26 de dezembro de 2007

Pós-Natal

A verdade é que o Natal perdeu a graça pouco depois de eu sair da escola primária.
Nesse tempo, o que de melhor o Natal tinha era nós na escola a enfeitarmos as janelas da sala com figuras de papel metalizado. As janelas ficavam muito bonitas - lembro-me bem - cheias de anjos azuis, vermelhos e dourados
Duas semanas antes do Natal, ia com a minha mãe apanhar um pinheiro, que depois decorávamos com fitas e sombrinhas de chocolate Regina. Na base do pinheiro colocava-se musgo. Havia quem fizesse presépios com figuras coloridas.

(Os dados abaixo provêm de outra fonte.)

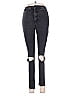 Forever 21 Hearts Black Jeans Size 27 waist - photo 1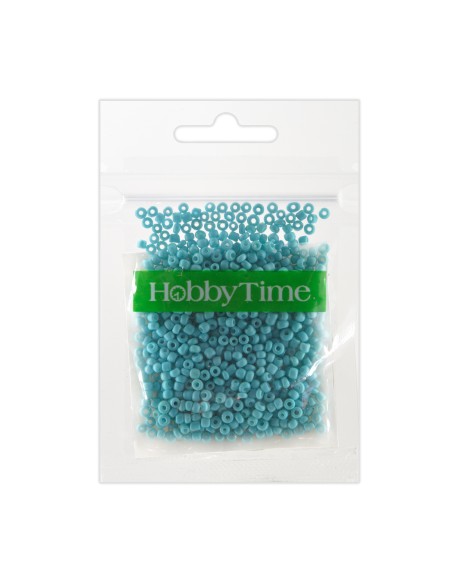Helmed, ümmargused, läbipaistmatu matt, 2mm 10g, türkiissinine #12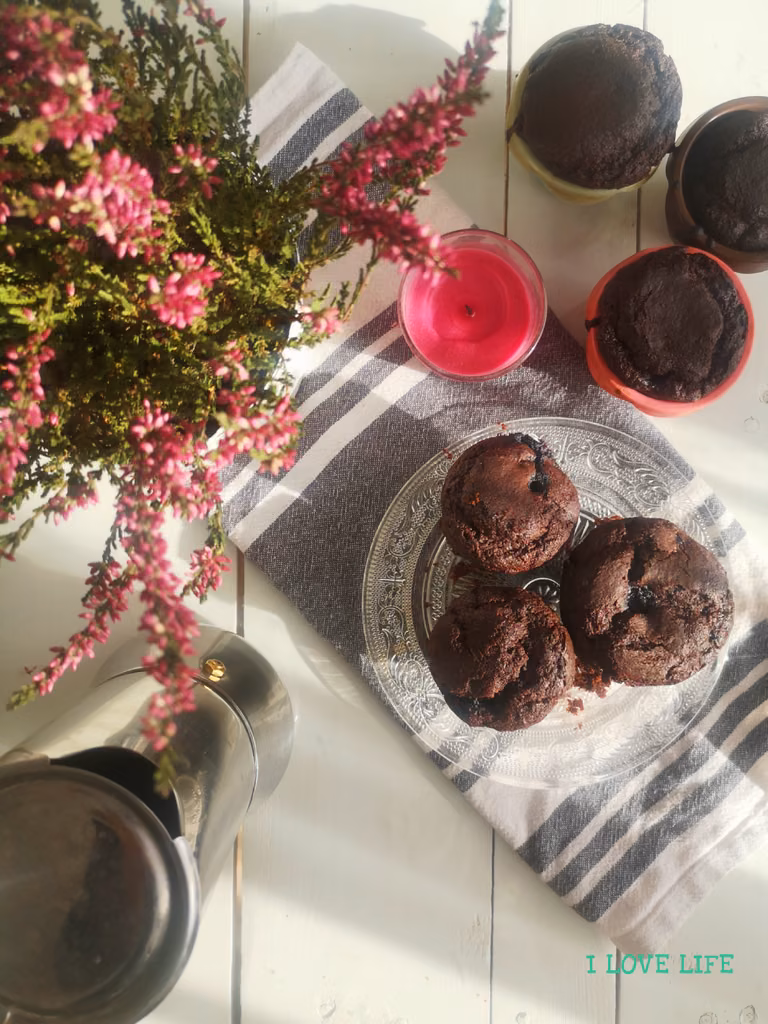 Bezglutenowe muffinki z borówkami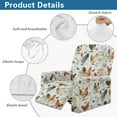 thumbnail image 5 of Kuiaobaty Chicken Butterfly Flower Reclining Sofa Slipcover Stain Resistant Recliner Chair Cover Large Reclining Slipcover Soft Recliner Couch Cover with Elastic Bottom for Pets, 5 of 8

Da consoada, lembro-me que íamos quase sempre passá-la com os meus avós paternos e que me era muito desagradável. Eles estavam no campo, com o rebanho, porque eram pastores. Poderia agora fazer coincidir esta lembrança com uma bela associação bíblica; mas, ainda agora sou pouco versada nos meandros teológicos e já nessa altura fora mordida pelo bichinho consumista: o que quer dizer que já sabia que o Natal servia para celebrar o Pai Natal e que isso do Menino Jesus era uma coisa muito muito muito antiga e pateta. Além disso, o campo no Inverno não é um sítio confortável.
O primeiro presente de Natal que me lembro de ter recebido foi o livro Anita no Jardim. Lembro-me da minha felicidade quando recebi quer a minha boneca Candy, quer A Minha Agenda RTP. Lembro-me que no dia em que desembrulhava as prendas - dia 25 de manhã - ia de roupa nova visitar a minha avó Guilhermina, a minha avó Sabina e as minhas diversas tias, mostrando o que tinha ganhado.
Temo que a partir daí tudo tenha piorado.
As prendas que nos dão nunca são exactamente aquilo que queríamos. Nalgumas sentimos até o fel da obrigação de comprar e oferecer alguma coisa. Como já não somos pequenos, nem temos gente pequena à nossa volta, fazemos o que todos os grandes fazem nesta época: empaturramo-nos de comida.
Chegamos ao fim do dia 25 a rezar por um Alka Seltzer, por litros de água das pedras que desfaçam o que comemos. Mal dispostos, enjoados, fartos da família que nos faz perguntas incómodas, a que não nos apetece responder (somos grandes e os grandes não dão satisfações a ninguém), odiando as prendas que recebemos, desprezando toda a programação televisiva, esperamos ainda que o espírito de Natal se manifeste de alguma forma - que não apenas nas filhós.
E já que (novamente!) se esqueceram de nos oferecer os sapatos Manolo Blahnik,
atrevemo-nos a pedir a paz no mundo, a descoberta da cura para a sida e cancro e a confirmação de que não estamos sozinhos no universo. É que nos sentimos muito, muitas vezes. E não há Natal que cale isso.